== Required action ==
Only these lines of the data below are wanted: the one with "MERCEDES-BENZ James Cook", the one with "Statuina in porcellana", and any lines between them, each repeated exactly.

[Records from a collection]
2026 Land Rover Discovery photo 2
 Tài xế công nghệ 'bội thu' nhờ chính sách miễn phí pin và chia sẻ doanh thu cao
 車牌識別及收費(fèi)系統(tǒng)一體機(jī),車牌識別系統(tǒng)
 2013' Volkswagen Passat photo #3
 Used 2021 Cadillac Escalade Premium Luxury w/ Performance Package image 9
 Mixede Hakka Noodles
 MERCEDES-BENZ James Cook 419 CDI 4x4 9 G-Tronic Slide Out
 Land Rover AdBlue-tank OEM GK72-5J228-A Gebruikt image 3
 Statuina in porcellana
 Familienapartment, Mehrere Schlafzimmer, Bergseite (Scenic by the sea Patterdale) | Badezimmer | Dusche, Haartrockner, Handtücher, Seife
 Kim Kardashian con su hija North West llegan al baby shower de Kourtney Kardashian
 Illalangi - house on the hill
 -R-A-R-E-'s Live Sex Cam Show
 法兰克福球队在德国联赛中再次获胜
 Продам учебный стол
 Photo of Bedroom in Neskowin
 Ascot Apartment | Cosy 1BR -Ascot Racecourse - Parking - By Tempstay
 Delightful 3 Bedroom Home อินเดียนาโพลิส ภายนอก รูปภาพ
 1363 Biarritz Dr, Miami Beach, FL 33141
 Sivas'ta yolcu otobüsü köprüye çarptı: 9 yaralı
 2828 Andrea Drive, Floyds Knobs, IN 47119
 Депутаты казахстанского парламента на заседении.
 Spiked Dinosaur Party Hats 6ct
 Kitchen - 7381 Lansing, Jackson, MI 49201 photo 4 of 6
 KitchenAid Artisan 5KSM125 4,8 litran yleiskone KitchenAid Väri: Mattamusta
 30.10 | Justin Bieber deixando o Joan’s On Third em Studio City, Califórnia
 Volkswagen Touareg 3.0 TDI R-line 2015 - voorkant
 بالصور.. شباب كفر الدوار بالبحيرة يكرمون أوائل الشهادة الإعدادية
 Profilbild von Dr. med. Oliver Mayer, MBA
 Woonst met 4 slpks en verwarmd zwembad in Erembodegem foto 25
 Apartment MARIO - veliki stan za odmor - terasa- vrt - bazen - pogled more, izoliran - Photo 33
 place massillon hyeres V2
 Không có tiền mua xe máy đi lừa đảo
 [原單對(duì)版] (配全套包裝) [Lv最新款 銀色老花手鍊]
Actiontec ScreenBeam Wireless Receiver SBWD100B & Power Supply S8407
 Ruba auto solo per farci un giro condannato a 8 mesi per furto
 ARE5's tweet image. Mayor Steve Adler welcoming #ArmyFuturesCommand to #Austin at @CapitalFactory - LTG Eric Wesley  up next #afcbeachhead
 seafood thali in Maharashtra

== Written answer ==
 MERCEDES-BENZ James Cook 419 CDI 4x4 9 G-Tronic Slide Out
 Land Rover AdBlue-tank OEM GK72-5J228-A Gebruikt image 3
 Statuina in porcellana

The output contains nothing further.